I carried out a survey about gairaigo with five of my students, and one answered katakana or gairaigo are both okay, but the rest of them said that they dislike gairaigo and that it’s a bit hard to remember. So, four out of five seem to feel uncomfortable with it.


The reason they don’t like it, they said, is that there are other more proper Japanese words, but Japanese people choose gairaigo unnecessarily, and it seems to sound just like weird and broken English to them. Or, their brain focuses on the Japanese language when they are thinking or speaking it, but then suddenly, unnatural words come up and which look neither Japanese nor English.


Around 1869, we started adopting gairaigo. At first they were written in kanji in an attempt to make these foreign words look like Japanese words; for example 麦酒 beer, 燐寸 matches and 酒精 alcohol. However, the number of gairaigo have been increasing rapidly since around 1965, and since then there has been more of an acceptance of foreign words into the Japanese language. So, these days gairaigo are written almost always in katakana, so the previous examples would be: ビール、マッチ、アルコール, respectively.


In my opinion, we certainly use too many gairaigo words, especially at the office. Why do we use so many? What if we changed them to proper Japanese? Presentation, project, and meeting are typically spoken as gairaigo words and written in katakana as プレゼンテーション, プロジェクト, ミーティング, even though we do have native Japanese words for them as well.


If we speak in regular Japanese instead of gairaigo, it may be easier to understand. But today, it’s also true that there are many words which are difficult to translate. What are radio, pen and dessert in Japanese? I can explain what they are, but if you say to translate it into one word, nothing comes to my mind, or it will sound very unnatural even though I can do it.


Most of my students speak English fluently, so they understand the meaning of gairaigo quickly, but when they hear it for the first time, they do not easily get it because of the different pronunciation. For example, in Japanese pronunciation, coffee goes to coohii, ice cream goes to aisu criimu, etc.

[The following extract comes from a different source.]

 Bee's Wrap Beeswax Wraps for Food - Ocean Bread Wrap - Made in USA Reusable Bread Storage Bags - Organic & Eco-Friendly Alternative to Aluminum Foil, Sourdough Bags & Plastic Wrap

The names of foods, animals or flowers cannot be used in this way. But, I wonder if we really need any other unnecessary gairaigo.


By the way, there are a few katakana characters which look very similar and confuse foreign people. That is シ and ツ, and ソ and ン. When people get frustrated with these letters, they often make a very interesting face that I enjoy watching.


I also have group lessons to teach outside of italki, and I teach level two students, which means they are still beginners. Last week, we did a katakana game where all the students had small katakana cards. I showed them a card with a picture on it, and then they tried to spell the object in the picture with their katakana cards. When I showed them a picture of シーツ (sheets), many students got confused and chose the katakana cards ツーシ . It was so funny that we laughed a lot, and the class really livened up from that moment.


Sometimes katakana or gairaigo might be annoying to you, but there are already many foreign words within real Japanese. Try to get used to it, and let’s have fun! Learning a language should be fun.